Russian Industry Plunged Into Recession
- 10.02.2026, 17:53
Even Rosstat has recognized this.
After two years of military boom, paid for by record budget spending on the army since Soviet times, the Russian economy is sinking deeper into the swamp of industrial recession, writes The Moscow Times.
Of 28 major industries, 21 finished last year in the negative, according to Rosstat data. At year-end, mineral extraction fell by 1.6%, gas production by 3%, and oil production fell to a 16-year low.
In the non-resource sector, metallurgists cut output by 2.1%, clothing and footwear factories by 3.5%; for the first time in 15 years, food production fell by 0.5%. The output at oil refineries, which were hit dozens of times during the year by UAV strikes, decreased by the same amount.
In general, according to Rosstat, industry remained in the plus - by 1.3%. However, only seven industries showed growth, and of them three related to the defense sector, notes Finam economist Olga Belenkaya: these are the production of "finished metal products" (+18%), "computers, electronics and optics" (+11.7%), as well as "production of other vehicles and equipment" (+32%). Such dynamics reflects "increasing pressure from weak domestic demand and high interest rates," explains Freedom Finance analyst Vladimir Chernov.
"The growth model based on military spending alone is broken," states Janis Kluge, an expert at the German Institute for International Security Affairs. Russia's GDP growth rate has slowed more than fourfold, to 1%, and the budget's ability to pump money into the economy is nearing exhaustion. Due to the fall in oil and gas revenues, the federal treasury ran a deficit of 5.7 trillion rubles last year, and this year the "hole" may increase to 8-10 trillion rubles.
The government recognizes that the military boom in the economy has reached its ceiling. After growing by tens of percent a year in 2023-25, military industries will add only 4-5 percent this year, according to a macro forecast by the Ministry of Economic Development. "Government spending has reached levels that can be considered marginal for the current state of the Russian economy," said Alexander Shirov, director of the Institute of National Economic Forecasting at the Russian Academy of Sciences.
The first operational data for January point to a further weakening of economic activity, Belenkaya points out: in surveys, businesses complain of rising costs, worsening demand, higher taxes and persistent staff shortages.
To this can be added the drop in Russian oil prices to $40 per barrel, and the strengthening of U.S. and EU sanctions, Belenkaya continues. According to The Washington Post, government finance officials are already sounding the alarm and warning Vladimir Putin of an imminent economic crisis, which they estimate could begin next summer.
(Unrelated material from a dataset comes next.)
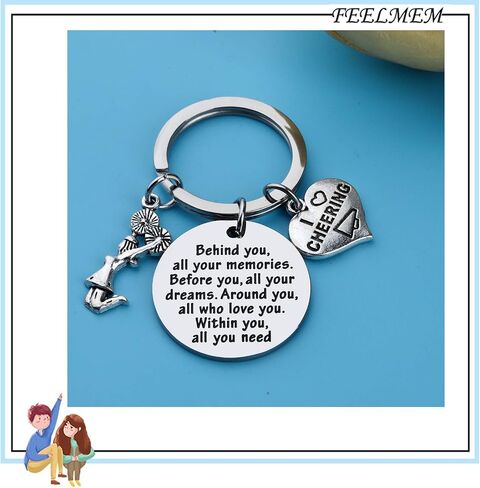 FEELMEM Cheer Keychain Girl Cheerleading Gift Cheerleader Gift for Cheer Team in Saudi Arabia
They believe the budget deficit will continue to grow without further tax increases because of falling oil and gas revenues and problems with oil exports to India, the WaPo source said. "Deteriorating conditions for Russian oil exports, the effects of tight monetary policy and reduced fiscal impetus are expected to contribute to subdued growth in the Russian economy," Belenkaya forecast. She estimates that GDP will add 1-1.2% this year.